Dragons in flight: the common CBRN lineage of the Army and Air Force.
Before World War II
During World War I, CWS scientists developed a special type of aircraft propeller glue in support of the Air Service. The CWS also developed smoke grenades for aerial signaling, smoke generators for aerial camouflage, and firing devices for airplane demolition charges. After World War I, CWS support for the Air Service and, later, the USAAC grew. Chemical officer positions were assigned to major USAAC headquarters; and in 1936, USAAC leaders requested a special Air Forces Gas Defense Course.
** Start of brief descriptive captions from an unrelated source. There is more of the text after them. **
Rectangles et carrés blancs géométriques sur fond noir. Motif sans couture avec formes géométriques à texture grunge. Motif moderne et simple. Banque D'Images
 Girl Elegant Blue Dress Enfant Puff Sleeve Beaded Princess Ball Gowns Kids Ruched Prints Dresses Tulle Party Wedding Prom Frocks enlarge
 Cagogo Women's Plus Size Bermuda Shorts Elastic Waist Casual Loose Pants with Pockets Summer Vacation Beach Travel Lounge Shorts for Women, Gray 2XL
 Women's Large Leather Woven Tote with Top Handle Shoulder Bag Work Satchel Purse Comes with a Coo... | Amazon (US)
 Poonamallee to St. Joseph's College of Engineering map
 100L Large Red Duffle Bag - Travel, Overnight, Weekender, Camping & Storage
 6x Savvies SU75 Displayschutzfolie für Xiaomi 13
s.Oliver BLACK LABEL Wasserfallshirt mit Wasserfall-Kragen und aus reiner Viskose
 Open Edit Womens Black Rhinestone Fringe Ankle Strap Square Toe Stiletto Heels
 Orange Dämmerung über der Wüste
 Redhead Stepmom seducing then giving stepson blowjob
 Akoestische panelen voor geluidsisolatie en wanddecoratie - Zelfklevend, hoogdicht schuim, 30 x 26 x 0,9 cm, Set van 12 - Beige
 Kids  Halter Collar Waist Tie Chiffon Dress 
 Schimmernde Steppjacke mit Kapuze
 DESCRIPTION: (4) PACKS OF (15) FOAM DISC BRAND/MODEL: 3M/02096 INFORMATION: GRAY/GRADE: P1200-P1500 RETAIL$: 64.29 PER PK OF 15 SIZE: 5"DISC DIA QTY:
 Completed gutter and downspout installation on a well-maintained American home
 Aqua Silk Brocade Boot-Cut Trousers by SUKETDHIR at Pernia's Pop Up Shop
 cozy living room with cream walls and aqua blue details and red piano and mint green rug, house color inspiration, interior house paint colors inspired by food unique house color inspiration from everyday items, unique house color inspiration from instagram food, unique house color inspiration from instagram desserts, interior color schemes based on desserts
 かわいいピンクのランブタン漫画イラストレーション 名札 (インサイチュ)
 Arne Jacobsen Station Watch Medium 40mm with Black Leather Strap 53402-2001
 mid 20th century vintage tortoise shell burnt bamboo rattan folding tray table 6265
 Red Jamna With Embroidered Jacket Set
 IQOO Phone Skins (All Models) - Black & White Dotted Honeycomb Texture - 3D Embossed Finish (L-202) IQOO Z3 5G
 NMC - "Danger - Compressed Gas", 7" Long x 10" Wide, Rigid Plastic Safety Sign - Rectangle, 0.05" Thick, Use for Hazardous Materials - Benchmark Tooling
Because the CWS mission was to deliver toxic gas to the enemy, experiments with new methods of distribution were continually conducted. Developmental work involved the aircraft delivery of smoke and incendiaries in the form of aerial sprays and bombs.
The CWS began researching aerial screening smoke in the 1920s. After experimenting with various concepts, they delivered an aerial spray tank that was capable of releasing smoke or chemical warfare agents. By 1941, the 30-gallon M10 spray tank had become the standard expendable tank. The M10 was filled with a standard smoke solution of sulphur trioxide and chlorosulfonic acid (a mixture commonly referred to as "FS") or titanium tetrachloride (FM). When released into moist air (which is common in the South Pacific), these compounds reacted to form a dense, white cloud.
An incendiary bomb requirement was signed in 1936. Serious work on the bomb began in 1937, and the 100-pound M47 chemical bomb was adopted in 1940. The M47 was designed to carry any chemical filling, incendiary, or chemical warfare agent. However, good fillings were not available until after 1941, when the CWS assumed responsibility for incendiary bomb development. Also in 1941, the CWS attempted to create "dragon's breath" by developing an aircraft-mounted flamethrower; unfortunately, propeller blasts extinguished the flame.
Unit requirements developed at the General Headquarters (HQ) Air Force (AF), Langley Field, Virginia, in 1939 called for a platoon to be stationed at each air base that performed chemical supply and maintenance functions or conducted chemical warfare defense training. As a result, 134 platoons were activated stateside and more were activated overseas. Aviation chemical companies were created for each air district in 1940; and by the end of 1941, the 7th Chemical Company (Aviation) (CCA)--which was formed to support the Far East Air Force (1) from platoons located at Clark, Nichols, and Iba airfields--was stationed in the Philippine Islands (then a possession of the United States). In addition, the 5th CCA, which supported the Hawaiian Air Force, was located at Hickam Field, Oahu, Hawaii. Consequently, when World War II began, the CWS was already actively supporting the USAAF.
Beginning of World War II
World War II began with Japanese attacks on Hickam, Bellows, and Wheeler Army airfields in Hawaii on 7 December 1941. As the Soldiers of the 5th CCA struggled to defend their airfield against the attacks, they suffered one casualty; however, they also claimed responsibility for shooting down a Japanese aircraft.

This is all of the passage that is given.